L’objectif est d’intégrer les préférences des conducteurs dans l’établissement des plannings. Par exemple, un conducteur qui préfère travailler le matin ou qui a des contraintes familiales doit pouvoir en faire part à son entreprise. Ce système garantit une prise en compte des contraintes des conducteurs et ainsi vise à améliorer l’engagement, le bien-être au travail et la relation entre le conducteur et l’entreprise. En plus, cela peut attirer des profils diversifiés, comme davantage de femmes, en tenant compte de leurs besoins spécifiques. En résumé, Kustomize propose d’adapter le planning aux contraintes personnelles, plutôt que l’inverse.
Et concrètement, comment ça fonctionne ?
Gérald Petitjean : La solution repose sur une étape supplémentaire dans le processus classique de création des plannings. Habituellement, les équipes de planification établissent un plan de transport en fonction des demandes des autorités organisatrices, puis affectent les conducteurs. Avec Kustomize, un nouveau processus est mis en place : chaque conducteur peut exprimer ses préférences au jour le jour. Ces desiderata sont ensuite intégrés dans les plannings grâce à un algorithme développé par Eurodecision.
Ce modèle va au-delà des méthodes traditionnelles. Dans le transport, les plannings sont souvent créés en deux étapes : d’abord des grilles de roulement théoriques, puis une affectation des agents. Ici, tout se fait en une seule étape, ce qui augmente la complexité. L’équipe a dû développer des algorithmes avancés pour résoudre ce casse-tête, notamment grâce à des techniques d’optimisation sous contraintes (programmation linéaire), de génération de colonnes et de graphes.
L’autre défi majeur était la rapidité. Un planificateur ne peut pas attendre dix heures pour obtenir un planning. Il faut un résultat en moins d’une heure, voire en quelques minutes, pour permettre une conception itérative du planning. Ce niveau de réactivité était essentiel pour rendre la solution exploitable et garantir son adoption.
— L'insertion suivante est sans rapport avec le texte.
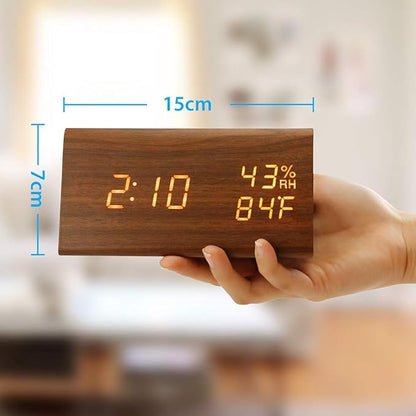 OCT17 Wooden Alarm Clock, Smart LED Digital Clock - Image 2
Des plannings rigides entraînent absentéisme, désengagement et difficultés de recrutement. Quel a été l’élément déterminant pour imaginer une solution aussi innovante et disruptive ?
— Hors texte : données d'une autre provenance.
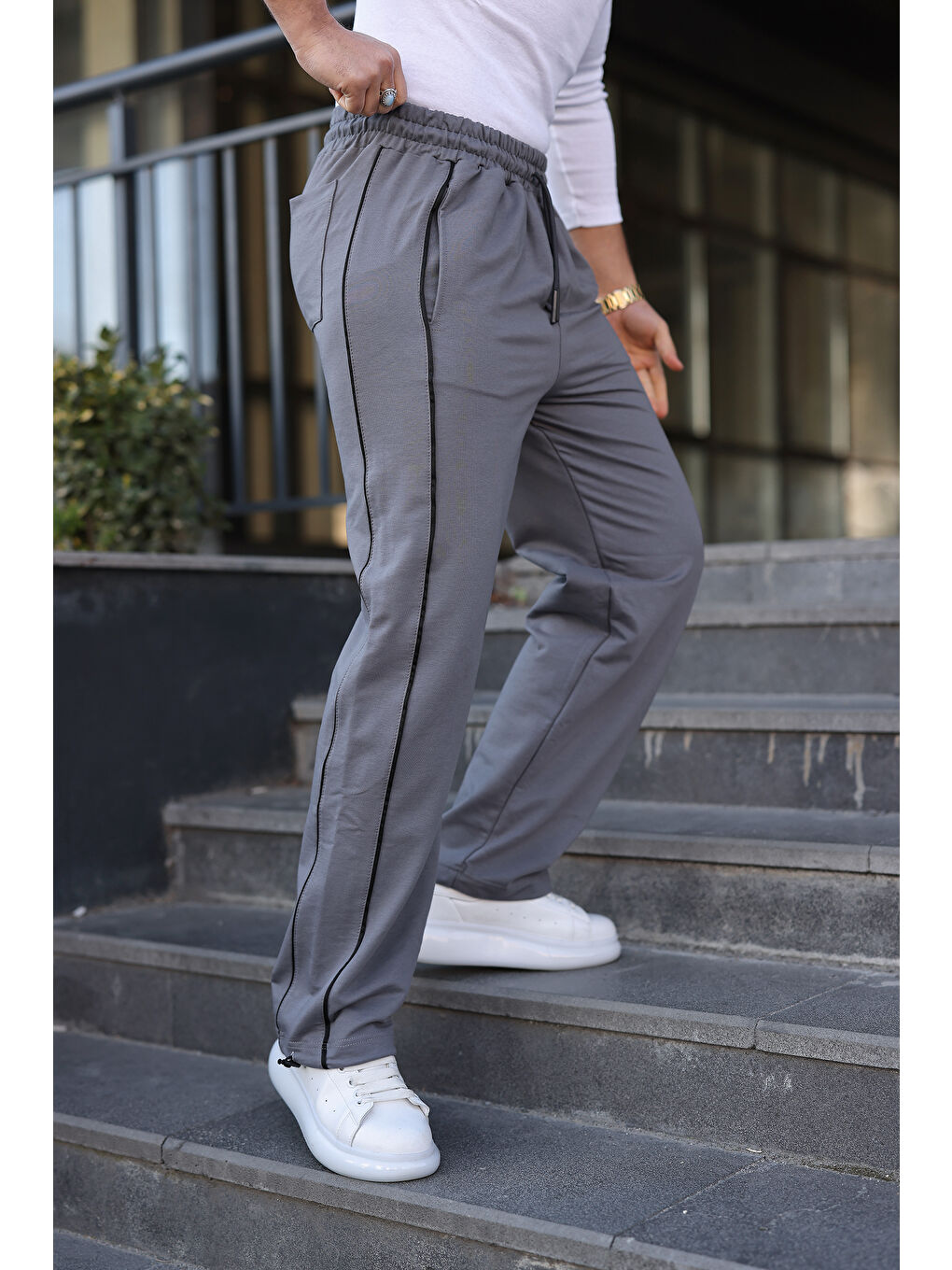 Erkek Günlük Yazlık Çizgili Bol Gri Eşofman Altı-1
E.T : Comme dans de nombreux domaines, il est de plus en plus difficile de recruter des conducteurs de bus. Parmi les raisons identifiées, les plannings rigides jouent un rôle important, car ils ne correspondent souvent pas aux attentes ou aux contraintes de vie des agents. L’idée a donc été de renverser le paradigme.
Le système de Kustomize est gagnant-gagnant. Les conducteurs se sentent mieux considérés et cela réduit le nombre de modifications ou de demandes de congé en dernière minute. À Dijon, où nous menons notre expérimentation, les retours sont positifs : environ 85 % des conducteurs préfèrent ce nouveau système à l’ancien. On observe également une diminution des échanges de services après la publication des plannings. Cela montre que cette approche, bien qu’encore en phase de déploiement, améliore déjà les conditions de travail.
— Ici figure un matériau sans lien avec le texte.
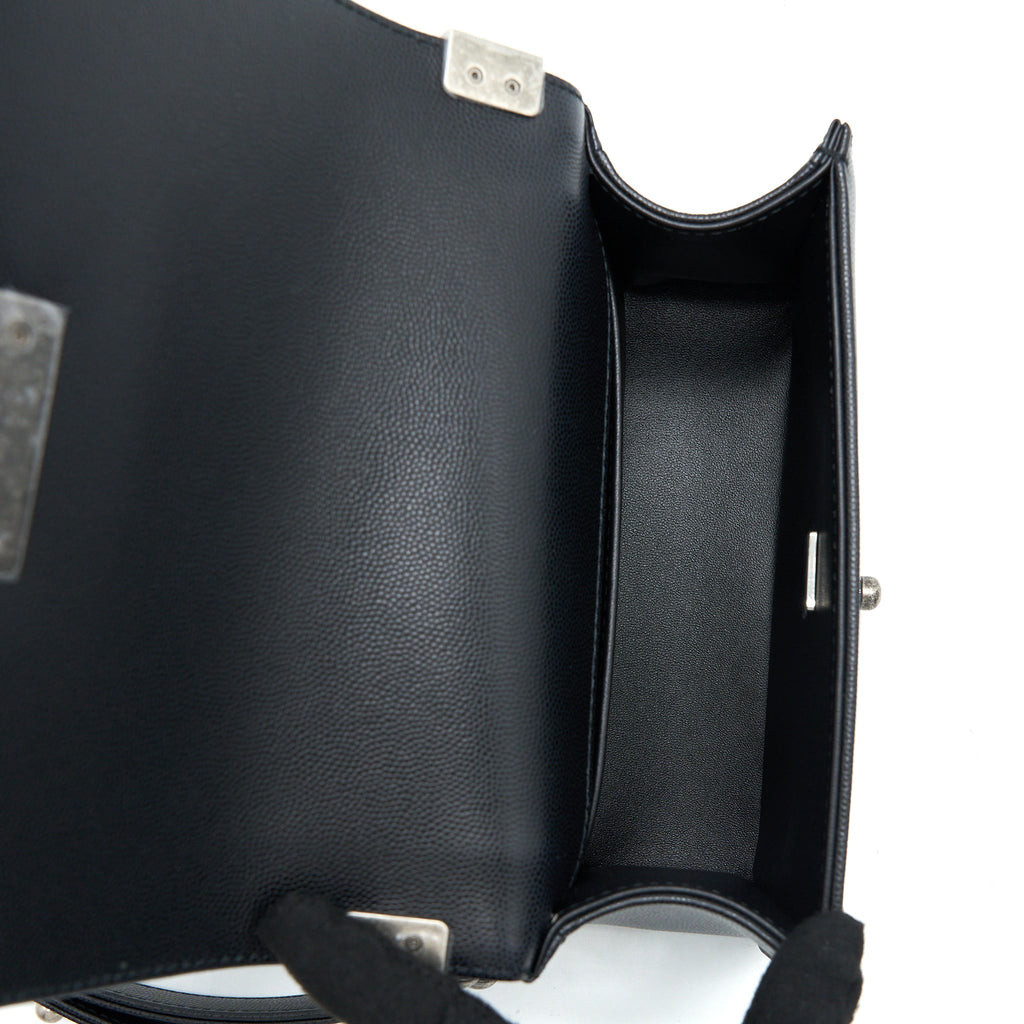 Chanel Small Boy Bag Caviar Black Ruthenium  (Microchip)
Cette innovation n’aurait pas été possible il y a quelques années. Les avancées en intelligence artificielle et en puissance de calcul ont joué un rôle clé. Les algorithmes d’IA prescriptive permettent aujourd’hui de gérer des problématiques complexes, comme celle de la personnalisation des plannings, avec des résultats rapides et fiables. Nous avons désormais la possibilité de transformer ces innovations en pratiques concrètes. C’est presque une obligation : puisque c’est techniquement réalisable, il faut en tirer parti pour améliorer durablement les conditions de travail.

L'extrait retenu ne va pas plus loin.